言葉を失う / コミュニケーションの絶対的不全

 日本軍が通過すると兵隊の放つ悪臭が数キロ先まで匂ったと言う。食料補給もなく現地農民からの略奪と強姦・殺害の日々。風呂にも入らず洗濯もせず、病気になれば糞尿塗れの体には蛆が湧いた。蛇や人肉さえ口にしながら、理不尽極まる命令系統を維持した。  なぜなのか、大岡昇平の作品を読む度、言いようのない暗く重い絶望感に囚われる。

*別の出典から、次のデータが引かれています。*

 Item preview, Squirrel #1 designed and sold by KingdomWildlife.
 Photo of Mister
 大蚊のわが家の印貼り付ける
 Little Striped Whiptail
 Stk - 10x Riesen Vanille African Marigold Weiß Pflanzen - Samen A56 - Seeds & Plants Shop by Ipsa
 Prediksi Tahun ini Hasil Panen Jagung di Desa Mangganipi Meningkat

 世界各国の中学教師が、自分の仕事に満足しているか聞かれた。OECDの統計である。殆どの国が、90%以上の満足度、少なくとも80%台を示している中、遙かに隔たって50%に満たない。 言葉を失う。
 
  アジアの旧日本軍と現在の日本の教師たち共通するのは、コミュニケーションの絶対的不全である。

 日本の中等学校教師たちが労働対象にしているのは、人間そのものではない。だから、知的好奇心を解放し批判精神を通して、文化を共有し人々と連帯することではない。少年を人為的に偏差値別に選別して、数値を競うための短期記憶を注入する。   
 アジアの日本軍は、アジア解放を掲げながらアジアを理解しようとしなかった。独善的な皇国史観を上から注入するばかり。 
 コミュニケーション不全は絶対的に生じることになる。
 今学校では、この不全は「指導拒否」と言う言葉によって、常に絶対的に少年の側の咎と処理される。アジア各地における現地民と軍とのコミュニケーション不全は、「スパイ」容疑による抹殺で解決した。

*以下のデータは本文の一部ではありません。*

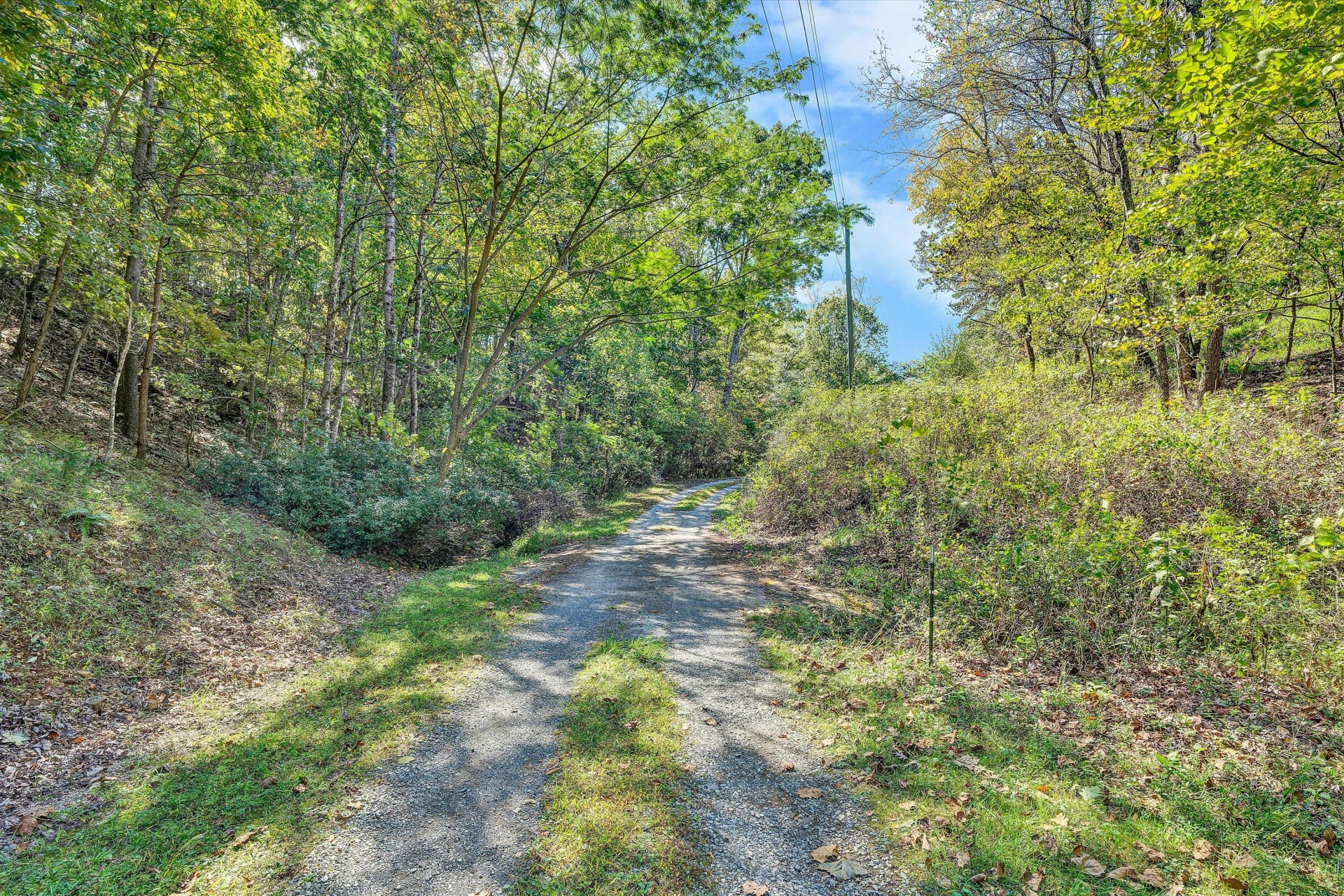 3561 Rutrough RD - Photo 56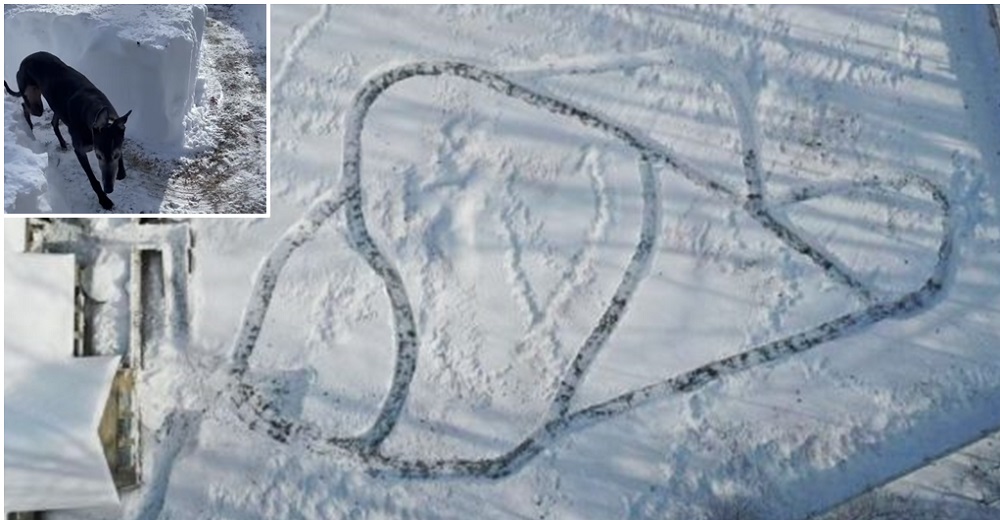 En lugar de quitar la nieve construye un gran laberinto para divertir a sus 21 perros rescatados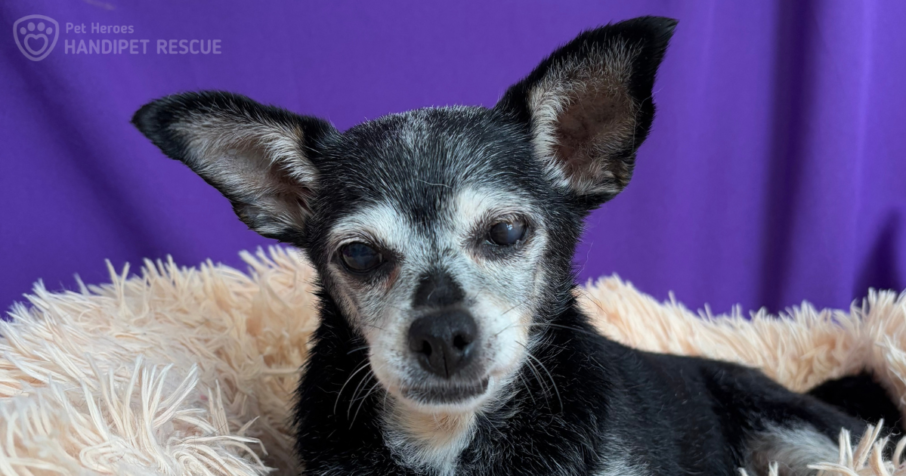 Velké čivaví neštěstí: černo-šedá fenka Babička Rozinka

 点数や競争から自由にならない限り、どんな教育理論と方法が華々しく権力発で喧伝されようとも、「自分の仕事に満足できない」蟻地獄は続く。
 先ず少年たちと自由に会話する「覚悟」を固めることだ。何故なら、教委や管理職だけでなく同僚からの眼差しからも自由でなければならないからだ。

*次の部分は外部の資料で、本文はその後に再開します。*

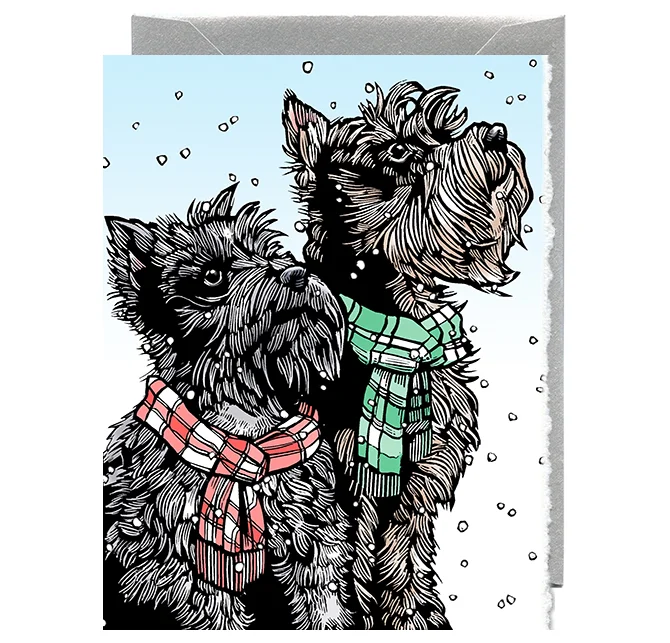 Schnauzers in Scarves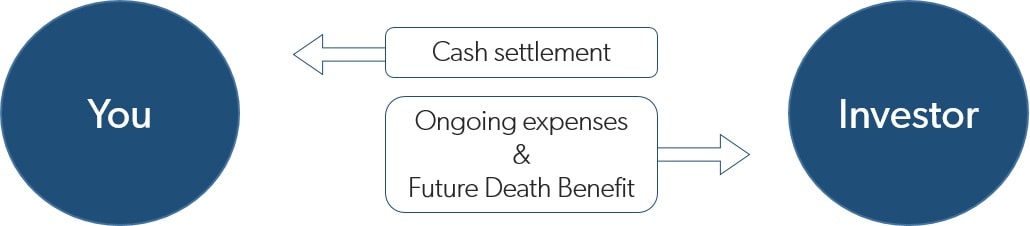 What is a Life Settlement
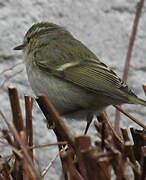 Hume's Leaf Warbler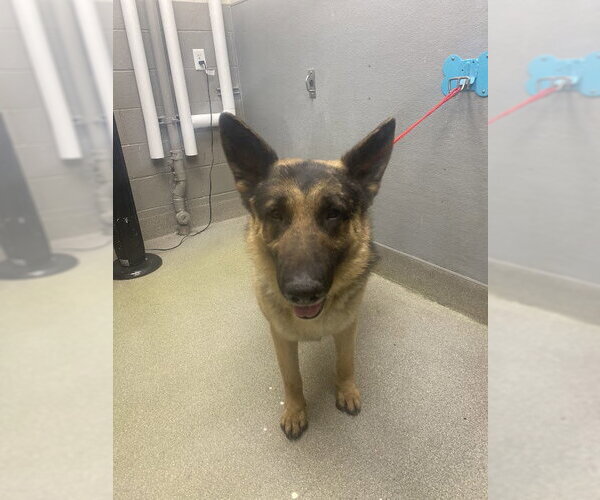 Medium Photo #1 German Shepherd Dog-Unknown Mix Puppy For Sale in Las Vegas, NV, USA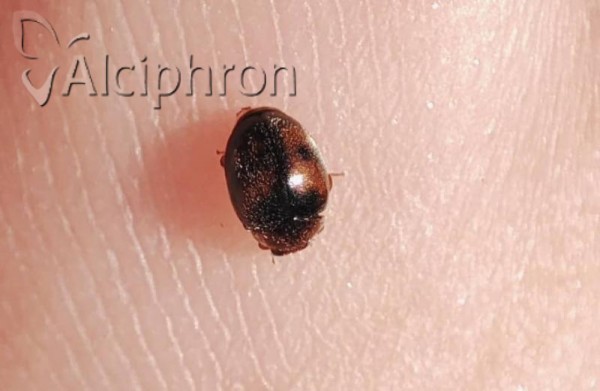 Scymnus subvillosus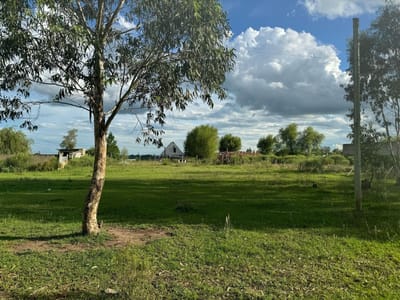 Terreno en Treinta y Tres!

 コミュニケーション不全は、discomunication と訳されるが元々英語にはない。鶴見俊輔が使い始めた和製英語である。英語にあるのは、miscomunicationである。 
   misなら修正できる。しかしdisであれば、関係性そのものが成立しない。
   
 駅前の地下商店街に野菜屋が三軒隣り合っている。店主たちは唾を撒き散らしながら、隣に負けてはならぬとばかりに『安いよ、お買い得、ご利用ご利用』と引っ切り無しに、ダミ声を張り上げる。客の知りたいことは何も言っていない。「ブドウは今朝もぎたて」とか「一房500円」等とは決して言わない。地下で空気の通らない場所で、コロナウイルスを考えれば、犯罪的暴挙でもある。余りのうるささにに逃げる人もある。 これはdiscomunicationである。何の効果も無いし危険極まりない、混乱させるだけ。
 もし米屋で「福島の新米だよ、放射能はないよ」と売っていたら、 miscomunicationである。訂正すれば、信用は落ちるがなんとかなる。抗議もし易い。

 学校にも、政治にも、取引にも、discomunicationが蔓延しコミュニケーション不全に陥っているのが日本である。